En l’espace de sept ans, elle a détourné près de 280 000 euros.
Des comptes du greffe ou de la Caisse des dépôts vers le sien. Tout simplement, en quelques clics. Mercredi après-midi, elle comparaissait devant le tribunal correctionnel de Libourne pour abus de confiance, usage de faux en écriture et altération frauduleuse de la vérité dans un écrit.
À la barre, perdue dans ses pleurs, le petit bout de femme de 43 ans reste coi face aux incompréhensions du dossier, soulignées par le président du tribunal Gérard Denard : « On ne retrouve rien de ces sommes dans l’enquête.
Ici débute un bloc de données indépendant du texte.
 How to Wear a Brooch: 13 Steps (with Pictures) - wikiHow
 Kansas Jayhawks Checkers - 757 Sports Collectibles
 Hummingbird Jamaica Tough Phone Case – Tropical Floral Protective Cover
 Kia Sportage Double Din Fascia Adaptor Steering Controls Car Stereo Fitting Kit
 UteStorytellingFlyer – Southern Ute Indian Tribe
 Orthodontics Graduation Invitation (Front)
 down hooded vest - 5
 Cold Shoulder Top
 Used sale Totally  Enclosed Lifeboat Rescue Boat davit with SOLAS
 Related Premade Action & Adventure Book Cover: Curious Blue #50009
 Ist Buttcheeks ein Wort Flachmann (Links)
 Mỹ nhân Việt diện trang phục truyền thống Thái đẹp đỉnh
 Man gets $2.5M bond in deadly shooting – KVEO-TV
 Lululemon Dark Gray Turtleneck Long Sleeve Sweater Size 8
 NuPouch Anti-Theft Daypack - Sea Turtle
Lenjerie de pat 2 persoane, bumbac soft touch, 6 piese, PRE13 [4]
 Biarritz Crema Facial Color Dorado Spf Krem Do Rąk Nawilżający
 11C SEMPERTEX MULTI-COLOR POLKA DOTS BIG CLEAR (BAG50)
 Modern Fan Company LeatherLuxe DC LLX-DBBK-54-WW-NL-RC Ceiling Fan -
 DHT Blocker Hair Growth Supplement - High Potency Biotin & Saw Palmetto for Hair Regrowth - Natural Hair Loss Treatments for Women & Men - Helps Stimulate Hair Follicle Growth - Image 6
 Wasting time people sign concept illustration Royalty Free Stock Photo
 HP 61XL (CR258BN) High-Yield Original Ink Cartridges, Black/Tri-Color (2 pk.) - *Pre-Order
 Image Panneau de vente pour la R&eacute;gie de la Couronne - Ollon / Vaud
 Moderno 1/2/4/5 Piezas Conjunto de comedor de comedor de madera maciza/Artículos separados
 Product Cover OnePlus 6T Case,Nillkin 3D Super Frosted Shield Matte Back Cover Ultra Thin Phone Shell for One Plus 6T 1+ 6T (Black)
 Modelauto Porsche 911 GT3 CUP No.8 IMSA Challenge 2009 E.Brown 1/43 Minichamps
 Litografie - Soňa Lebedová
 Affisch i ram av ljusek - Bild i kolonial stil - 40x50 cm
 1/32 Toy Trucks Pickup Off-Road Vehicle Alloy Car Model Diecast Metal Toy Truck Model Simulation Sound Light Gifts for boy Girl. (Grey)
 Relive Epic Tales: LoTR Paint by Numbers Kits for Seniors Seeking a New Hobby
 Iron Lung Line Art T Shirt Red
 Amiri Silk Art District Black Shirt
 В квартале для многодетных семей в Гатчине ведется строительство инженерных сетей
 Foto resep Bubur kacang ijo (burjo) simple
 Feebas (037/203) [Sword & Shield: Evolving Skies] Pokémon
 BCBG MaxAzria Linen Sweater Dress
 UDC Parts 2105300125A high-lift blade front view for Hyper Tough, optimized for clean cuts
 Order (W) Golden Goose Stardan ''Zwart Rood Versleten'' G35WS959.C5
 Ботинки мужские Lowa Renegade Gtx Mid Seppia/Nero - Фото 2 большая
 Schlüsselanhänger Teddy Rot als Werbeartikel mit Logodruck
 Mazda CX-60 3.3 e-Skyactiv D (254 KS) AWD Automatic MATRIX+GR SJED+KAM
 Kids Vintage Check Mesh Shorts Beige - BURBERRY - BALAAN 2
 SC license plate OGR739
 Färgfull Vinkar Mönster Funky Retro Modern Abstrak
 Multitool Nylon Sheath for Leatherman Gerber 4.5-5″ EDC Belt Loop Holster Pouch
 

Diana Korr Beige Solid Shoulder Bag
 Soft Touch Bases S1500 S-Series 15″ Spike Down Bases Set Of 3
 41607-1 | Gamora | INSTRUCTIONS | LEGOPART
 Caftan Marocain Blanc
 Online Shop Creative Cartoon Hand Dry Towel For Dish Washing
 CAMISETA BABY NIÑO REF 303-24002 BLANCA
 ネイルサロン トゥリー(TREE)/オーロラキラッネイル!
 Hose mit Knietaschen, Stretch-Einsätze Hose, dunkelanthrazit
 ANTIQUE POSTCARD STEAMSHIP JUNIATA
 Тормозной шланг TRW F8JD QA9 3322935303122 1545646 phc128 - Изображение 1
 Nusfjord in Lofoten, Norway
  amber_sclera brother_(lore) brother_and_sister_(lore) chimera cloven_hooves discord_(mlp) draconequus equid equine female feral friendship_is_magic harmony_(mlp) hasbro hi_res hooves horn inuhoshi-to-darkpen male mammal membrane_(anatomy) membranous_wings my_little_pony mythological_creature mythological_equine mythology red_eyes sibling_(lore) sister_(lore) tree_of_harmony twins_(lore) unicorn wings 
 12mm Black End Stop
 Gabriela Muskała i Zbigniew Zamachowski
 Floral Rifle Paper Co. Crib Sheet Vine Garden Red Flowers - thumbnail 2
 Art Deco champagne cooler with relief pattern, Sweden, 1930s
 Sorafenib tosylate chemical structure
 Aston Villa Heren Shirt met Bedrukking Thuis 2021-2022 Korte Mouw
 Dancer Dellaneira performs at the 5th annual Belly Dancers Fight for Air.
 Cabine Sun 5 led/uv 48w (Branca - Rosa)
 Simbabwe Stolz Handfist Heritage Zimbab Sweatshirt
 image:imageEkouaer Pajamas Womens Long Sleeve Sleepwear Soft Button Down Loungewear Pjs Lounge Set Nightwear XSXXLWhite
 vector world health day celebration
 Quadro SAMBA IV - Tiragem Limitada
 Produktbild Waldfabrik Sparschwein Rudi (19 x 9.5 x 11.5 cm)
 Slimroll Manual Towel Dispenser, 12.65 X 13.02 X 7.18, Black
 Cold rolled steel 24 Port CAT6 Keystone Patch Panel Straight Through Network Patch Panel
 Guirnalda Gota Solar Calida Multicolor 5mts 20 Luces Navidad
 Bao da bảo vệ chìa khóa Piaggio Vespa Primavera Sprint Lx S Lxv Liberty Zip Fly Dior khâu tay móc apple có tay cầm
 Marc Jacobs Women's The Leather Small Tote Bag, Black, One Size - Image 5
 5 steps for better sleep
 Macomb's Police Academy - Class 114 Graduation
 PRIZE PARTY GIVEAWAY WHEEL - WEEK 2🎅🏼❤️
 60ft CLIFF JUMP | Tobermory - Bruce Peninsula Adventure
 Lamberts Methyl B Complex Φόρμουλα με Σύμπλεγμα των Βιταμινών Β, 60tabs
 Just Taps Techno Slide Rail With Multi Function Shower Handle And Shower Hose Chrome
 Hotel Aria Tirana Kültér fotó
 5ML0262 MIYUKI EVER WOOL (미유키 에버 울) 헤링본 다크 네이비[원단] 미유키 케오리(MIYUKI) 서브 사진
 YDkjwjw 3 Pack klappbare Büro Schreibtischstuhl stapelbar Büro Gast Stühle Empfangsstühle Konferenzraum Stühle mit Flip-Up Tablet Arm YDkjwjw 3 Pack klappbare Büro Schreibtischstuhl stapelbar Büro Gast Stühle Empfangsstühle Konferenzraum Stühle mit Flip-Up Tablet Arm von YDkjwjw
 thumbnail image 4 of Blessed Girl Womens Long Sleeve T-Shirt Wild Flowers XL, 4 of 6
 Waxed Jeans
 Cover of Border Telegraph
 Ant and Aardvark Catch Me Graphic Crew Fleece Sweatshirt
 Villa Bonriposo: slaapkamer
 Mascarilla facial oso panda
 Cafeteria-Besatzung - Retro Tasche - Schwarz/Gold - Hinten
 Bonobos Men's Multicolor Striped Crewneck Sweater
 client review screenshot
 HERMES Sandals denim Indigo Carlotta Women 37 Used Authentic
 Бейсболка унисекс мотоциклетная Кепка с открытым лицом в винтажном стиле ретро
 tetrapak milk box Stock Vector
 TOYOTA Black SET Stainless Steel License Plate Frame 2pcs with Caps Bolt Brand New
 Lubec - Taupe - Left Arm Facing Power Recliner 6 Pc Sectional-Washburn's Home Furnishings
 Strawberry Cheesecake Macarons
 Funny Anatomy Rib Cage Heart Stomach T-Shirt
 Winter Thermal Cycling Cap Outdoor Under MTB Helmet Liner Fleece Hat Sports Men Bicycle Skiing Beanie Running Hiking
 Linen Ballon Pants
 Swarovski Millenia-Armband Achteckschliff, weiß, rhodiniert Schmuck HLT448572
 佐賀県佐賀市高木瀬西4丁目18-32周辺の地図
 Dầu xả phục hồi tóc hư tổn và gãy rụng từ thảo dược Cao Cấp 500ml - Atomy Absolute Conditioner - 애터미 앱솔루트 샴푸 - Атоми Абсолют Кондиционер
Vers qui elles sont allées ? On se demande qui en a profité ? » Il est bien là le problème, et la particularité de cette drôle d’affaire.
Les centaines d’euros dérobées chaque jour, de son bureau, devant les collègues bien incapables de penser à pareille escroquerie, n’ont pas servi à financer des voyages, des grammes de cocaïne ou des biens immobiliers. Ils sont partis sur des sites de voyance « à 90 % » selon le procureur de la République Christophe Augé. De 500 jusqu’à 1000 euros par jour jetés dans des boules de cristal virtuelles et pas franchement divinatoires.
La prévenue a très mal vécu une séparation. Elle a dû déménager, acheter des meubles, refaire sa vie. Elle a surtout souscrit des crédits. « Un, deux, trois puis tous les emprunts possibles », livre son avocate, Me Julie Dykman. Jusqu’à 4500 euros de remboursement par mois alors qu’elle touche un peu plus de 1200 euros mensuels. Alors elle s’est servie sur les comptes de ses employeurs et de la Caisse des dépôts…
Mal dans sa peau, avec un entourage restreint, elle s’enfonce dans son addiction, la voyance pour qu’on « l’écoute. » « Mais vous ne pouviez pas en parler à quelqu’un de proche ? », l’interroge Gérard Denard. « C’est compliqué de dire quand on a des problèmes », répond la prévenue, entre deux tombées de larmes.
Hier, le tribunal a décidé de la condamner à 24 mois de prison avec sursis et mise à l’épreuve durant trois ans, avec l’obligation, notamment, de se soigner. Elle devra en outre rembourser plus de 150 000 euros aux greffiers du tribunal de commerce, la prévention portant sur les années 2010 à 2013, le reste des détournements, sur la période 2006-2010, étant prescrits.
La prévenue a promis de rembourser. Elle qui croule sous les dettes assure vouloir au moins donner quarante ou cinquante euros par mois. Il faudra du temps pour rembourser la somme.